Record excerpts:
<<<<

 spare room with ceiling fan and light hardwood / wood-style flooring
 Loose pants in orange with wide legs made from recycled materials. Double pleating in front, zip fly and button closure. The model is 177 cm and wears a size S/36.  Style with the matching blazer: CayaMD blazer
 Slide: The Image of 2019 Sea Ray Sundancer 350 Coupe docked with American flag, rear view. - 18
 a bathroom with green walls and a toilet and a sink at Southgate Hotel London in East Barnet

>>>>
<<<<

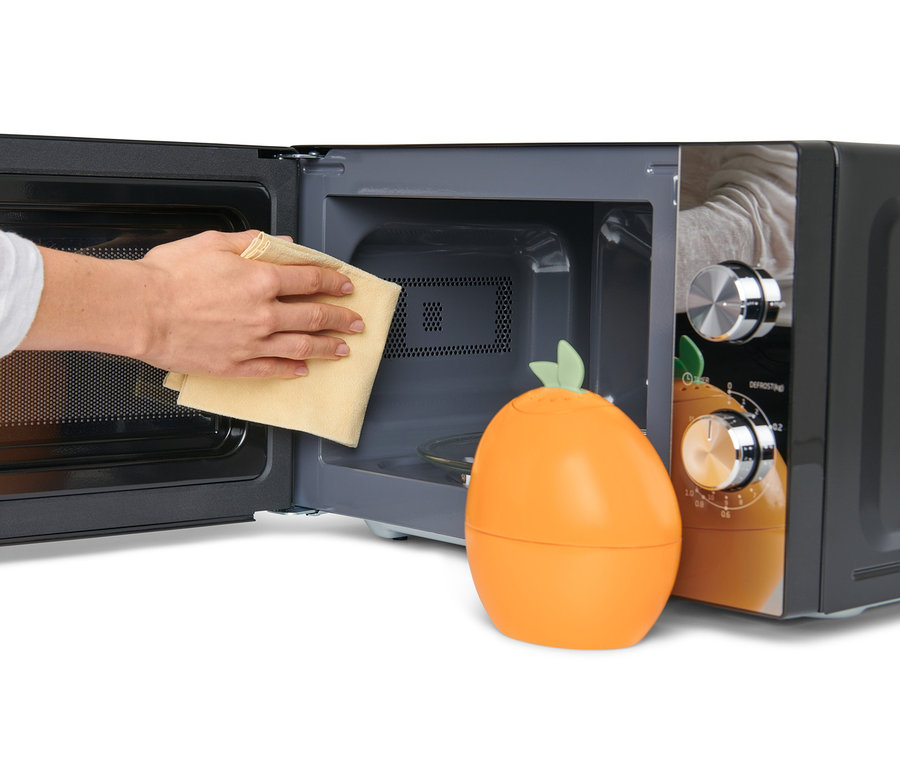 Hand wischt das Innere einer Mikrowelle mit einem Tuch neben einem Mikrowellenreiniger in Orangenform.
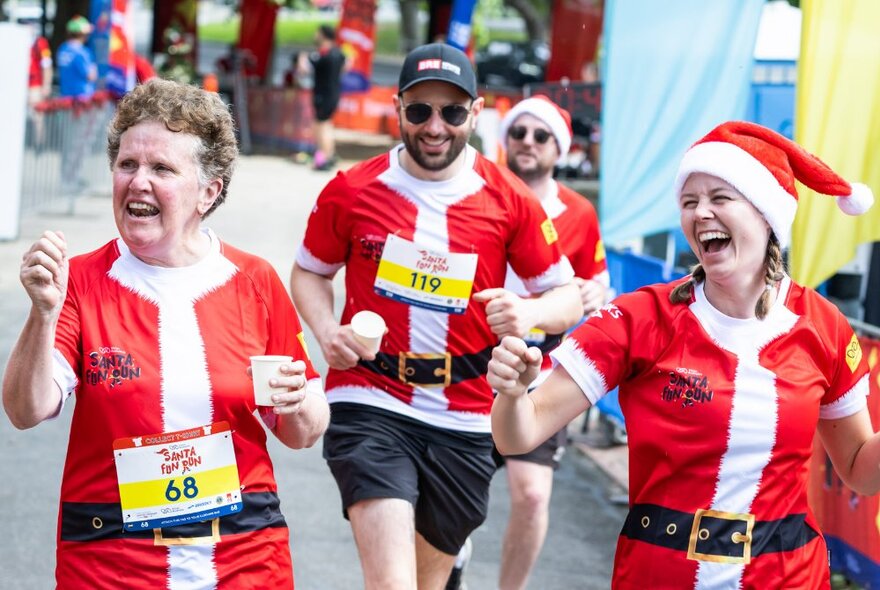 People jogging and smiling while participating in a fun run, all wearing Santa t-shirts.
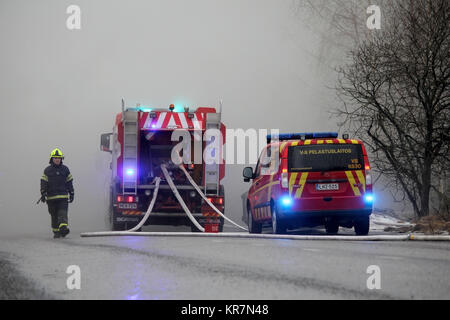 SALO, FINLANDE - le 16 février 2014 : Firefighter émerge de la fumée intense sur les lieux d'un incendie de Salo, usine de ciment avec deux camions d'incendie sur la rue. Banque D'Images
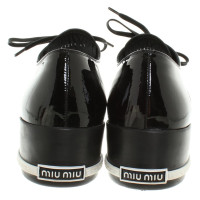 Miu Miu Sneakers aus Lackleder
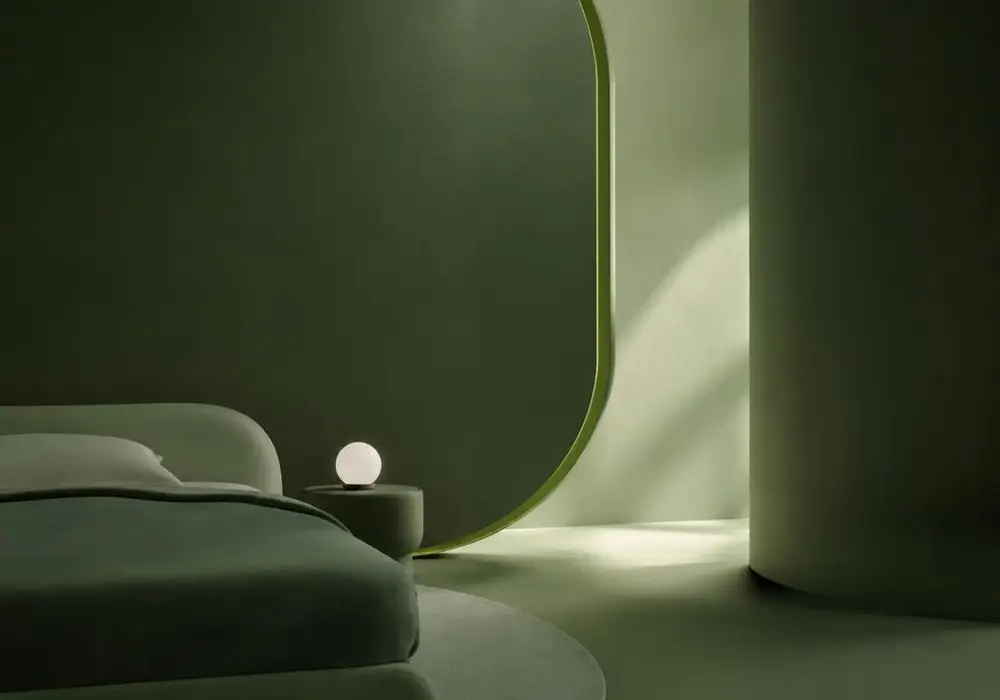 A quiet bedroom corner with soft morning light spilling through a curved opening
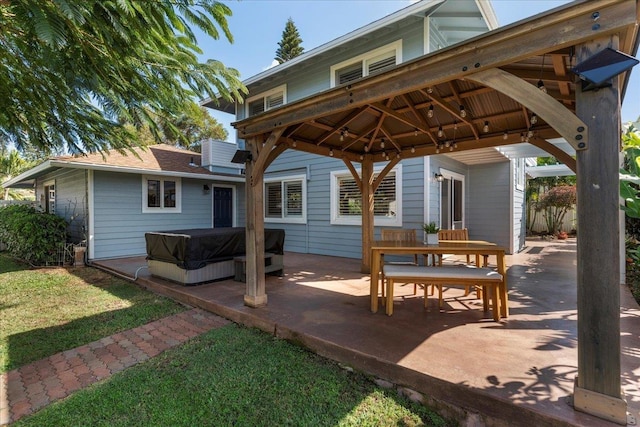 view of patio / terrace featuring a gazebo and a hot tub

>>>>
<<<<

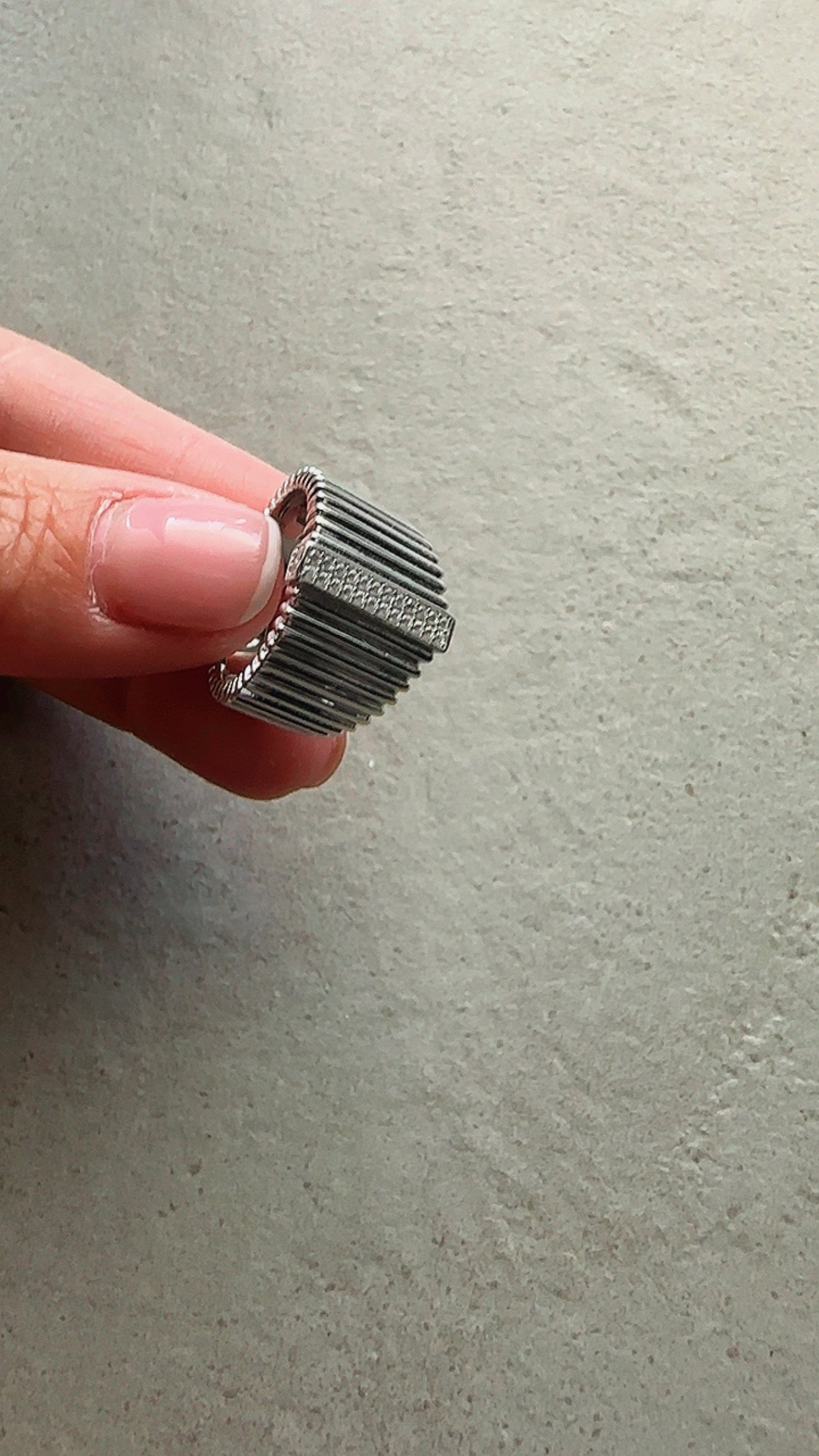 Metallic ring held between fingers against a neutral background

>>>>

Task goal:
I'd like the lines above from the one with "Loose pants in" up to and including the one with "a bathroom with" copied exactly, with no other lines.

Solution for this task:
 Loose pants in orange with wide legs made from recycled materials. Double pleating in front, zip fly and button closure. The model is 177 cm and wears a size S/36.  Style with the matching blazer: CayaMD blazer
 Slide: The Image of 2019 Sea Ray Sundancer 350 Coupe docked with American flag, rear view. - 18
 a bathroom with green walls and a toilet and a sink at Southgate Hotel London in East Barnet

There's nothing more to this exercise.